Hi wonderful Discourse staff who run and lovingly maintain this awesome online forum with their own product.
I note that we have the Solved Plugin active for Support. Great to see this awesome dogfooding in practice! Ditto for the use of the fixed and completed tags.
Unfortunately, there are a tonne of Topics in Support, Bug, Feature, and UX that haven’t been marked with these. This is quite confusing for the users of this forum, and hampers effective searches for existing solutions. Basically, if these aren’t going to be used consistently, they probably shouldn’t be used at all.
May I request that this is prioritised going forwards and someone (?intern, ??AI) is tasked with correctly marking the old ones?
Thanks, Nathan! Appreciate you for bringing this up. We definitely want to be doing more in this department.

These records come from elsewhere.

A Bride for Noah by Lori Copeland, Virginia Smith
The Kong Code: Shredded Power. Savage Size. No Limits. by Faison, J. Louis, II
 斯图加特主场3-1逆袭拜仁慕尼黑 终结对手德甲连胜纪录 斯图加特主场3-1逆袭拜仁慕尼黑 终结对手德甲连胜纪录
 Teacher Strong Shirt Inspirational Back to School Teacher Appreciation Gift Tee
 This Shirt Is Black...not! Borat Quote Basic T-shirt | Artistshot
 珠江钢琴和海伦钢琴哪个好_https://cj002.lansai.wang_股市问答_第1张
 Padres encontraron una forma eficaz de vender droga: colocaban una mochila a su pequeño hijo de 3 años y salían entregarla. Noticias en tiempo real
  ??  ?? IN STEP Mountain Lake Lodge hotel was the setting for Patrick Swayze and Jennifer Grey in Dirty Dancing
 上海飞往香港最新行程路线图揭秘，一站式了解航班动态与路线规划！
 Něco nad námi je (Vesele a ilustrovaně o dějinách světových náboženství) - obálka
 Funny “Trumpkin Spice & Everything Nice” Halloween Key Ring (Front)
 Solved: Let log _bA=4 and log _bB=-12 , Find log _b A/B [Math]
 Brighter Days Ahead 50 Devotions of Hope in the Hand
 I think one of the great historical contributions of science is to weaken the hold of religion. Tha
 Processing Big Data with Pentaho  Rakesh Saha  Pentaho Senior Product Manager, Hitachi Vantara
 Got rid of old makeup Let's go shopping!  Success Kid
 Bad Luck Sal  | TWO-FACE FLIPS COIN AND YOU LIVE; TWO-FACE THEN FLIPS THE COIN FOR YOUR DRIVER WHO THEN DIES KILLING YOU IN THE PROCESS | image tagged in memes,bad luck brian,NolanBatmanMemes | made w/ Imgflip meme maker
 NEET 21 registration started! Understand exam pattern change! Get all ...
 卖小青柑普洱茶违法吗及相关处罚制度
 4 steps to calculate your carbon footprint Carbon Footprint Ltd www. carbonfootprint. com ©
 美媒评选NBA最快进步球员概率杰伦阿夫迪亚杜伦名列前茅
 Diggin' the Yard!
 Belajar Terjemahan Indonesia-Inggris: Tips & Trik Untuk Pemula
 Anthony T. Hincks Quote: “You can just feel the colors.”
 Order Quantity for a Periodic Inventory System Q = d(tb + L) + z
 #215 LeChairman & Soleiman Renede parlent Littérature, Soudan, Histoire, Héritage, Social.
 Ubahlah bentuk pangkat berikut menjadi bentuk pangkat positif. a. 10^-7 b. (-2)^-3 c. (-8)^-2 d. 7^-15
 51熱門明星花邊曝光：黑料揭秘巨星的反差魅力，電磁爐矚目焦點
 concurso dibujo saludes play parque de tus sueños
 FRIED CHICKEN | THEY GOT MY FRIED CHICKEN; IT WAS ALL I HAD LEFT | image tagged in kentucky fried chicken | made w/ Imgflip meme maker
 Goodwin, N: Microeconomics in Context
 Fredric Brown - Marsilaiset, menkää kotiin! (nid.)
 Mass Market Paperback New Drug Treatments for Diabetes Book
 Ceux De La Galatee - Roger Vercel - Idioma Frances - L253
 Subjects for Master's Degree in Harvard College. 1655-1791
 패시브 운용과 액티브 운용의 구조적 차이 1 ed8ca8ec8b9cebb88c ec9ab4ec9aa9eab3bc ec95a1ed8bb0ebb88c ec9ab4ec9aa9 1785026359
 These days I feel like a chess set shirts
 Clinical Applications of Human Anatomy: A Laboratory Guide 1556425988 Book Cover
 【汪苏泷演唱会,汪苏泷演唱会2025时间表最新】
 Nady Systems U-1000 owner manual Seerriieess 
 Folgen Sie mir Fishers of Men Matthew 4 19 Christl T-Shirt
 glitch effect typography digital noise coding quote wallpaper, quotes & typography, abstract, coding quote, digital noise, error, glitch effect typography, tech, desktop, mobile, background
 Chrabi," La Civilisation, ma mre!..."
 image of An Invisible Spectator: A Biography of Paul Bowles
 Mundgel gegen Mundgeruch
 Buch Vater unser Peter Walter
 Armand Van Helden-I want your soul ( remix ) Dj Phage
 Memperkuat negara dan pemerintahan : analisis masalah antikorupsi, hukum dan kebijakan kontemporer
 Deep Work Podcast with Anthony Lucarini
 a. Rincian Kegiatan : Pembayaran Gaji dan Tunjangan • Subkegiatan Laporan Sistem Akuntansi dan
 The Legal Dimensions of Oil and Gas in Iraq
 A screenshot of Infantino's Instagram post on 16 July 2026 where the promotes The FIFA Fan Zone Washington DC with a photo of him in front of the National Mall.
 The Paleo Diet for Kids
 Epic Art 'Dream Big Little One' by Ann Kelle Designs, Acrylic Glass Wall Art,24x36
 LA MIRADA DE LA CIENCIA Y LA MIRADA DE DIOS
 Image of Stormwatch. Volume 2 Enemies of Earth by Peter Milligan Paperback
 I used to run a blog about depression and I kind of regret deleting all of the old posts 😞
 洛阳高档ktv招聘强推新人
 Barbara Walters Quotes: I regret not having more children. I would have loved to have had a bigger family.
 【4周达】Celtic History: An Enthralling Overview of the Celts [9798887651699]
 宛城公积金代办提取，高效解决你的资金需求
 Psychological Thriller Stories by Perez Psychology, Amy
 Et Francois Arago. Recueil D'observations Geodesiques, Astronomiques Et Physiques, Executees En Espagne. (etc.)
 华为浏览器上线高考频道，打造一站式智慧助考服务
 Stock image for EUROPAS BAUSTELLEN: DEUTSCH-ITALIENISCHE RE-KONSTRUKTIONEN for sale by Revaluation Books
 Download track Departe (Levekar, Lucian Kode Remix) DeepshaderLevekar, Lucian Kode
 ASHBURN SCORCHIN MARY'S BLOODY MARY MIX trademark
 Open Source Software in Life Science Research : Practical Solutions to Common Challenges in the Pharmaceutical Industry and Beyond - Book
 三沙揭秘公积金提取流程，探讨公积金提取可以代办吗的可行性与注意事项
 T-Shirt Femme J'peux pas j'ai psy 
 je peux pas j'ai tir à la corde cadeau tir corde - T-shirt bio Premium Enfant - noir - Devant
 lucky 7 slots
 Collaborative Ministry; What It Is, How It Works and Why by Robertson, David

Looks like enabling solutions for the Support category has worked pretty well for that category. The fixed and completed tags are also quite helpful, which can be used in all categories.
So to sum up, it appears that at the moment we have five ways to indicate when a topic has taken its course and needs to be wrapped up. Does this about capture it?
This does feel to me like an awful lot of variety. I don’t know why the tags are different. Maybe it is helpful/informative for folks to be able to scroll through those tag lists individually. These tags and their purpose are not so discoverable, however.
solved is easily discoverable and works quite well for support. I think it makes sense to limit it to that category. It’s helful to be able to filter for solved/unsolved topics in that category - I often forget about that pulldown though and wishit were more discoverable in the UI.
fixed is only used in BugUX and means a bug or UX bug was fixed.
create a data explorer query with results like the table above, but listing the real and up to date number of topics that are solved/ unsolved, fixed/not fixed, completed/not completed, delivered/not delivered
create a data explorer query that lists the topics that have been closed, fixed, completed, delivered in a given timeframe
create a topic here in Site feedback to share the results of the above queries each week using an automation
create a topic here with a little howto guide for wrapping up topics and get a team together to follow it to start working through the list, in reverse chronological order
I added descriptions as below, to appear when you mouse over the tag or go to the tag page. Let me know if you have suggestions. Torn between keeping it short and sweet, and providing more detailed context. The categories themselves also have descriptions which are more detailed.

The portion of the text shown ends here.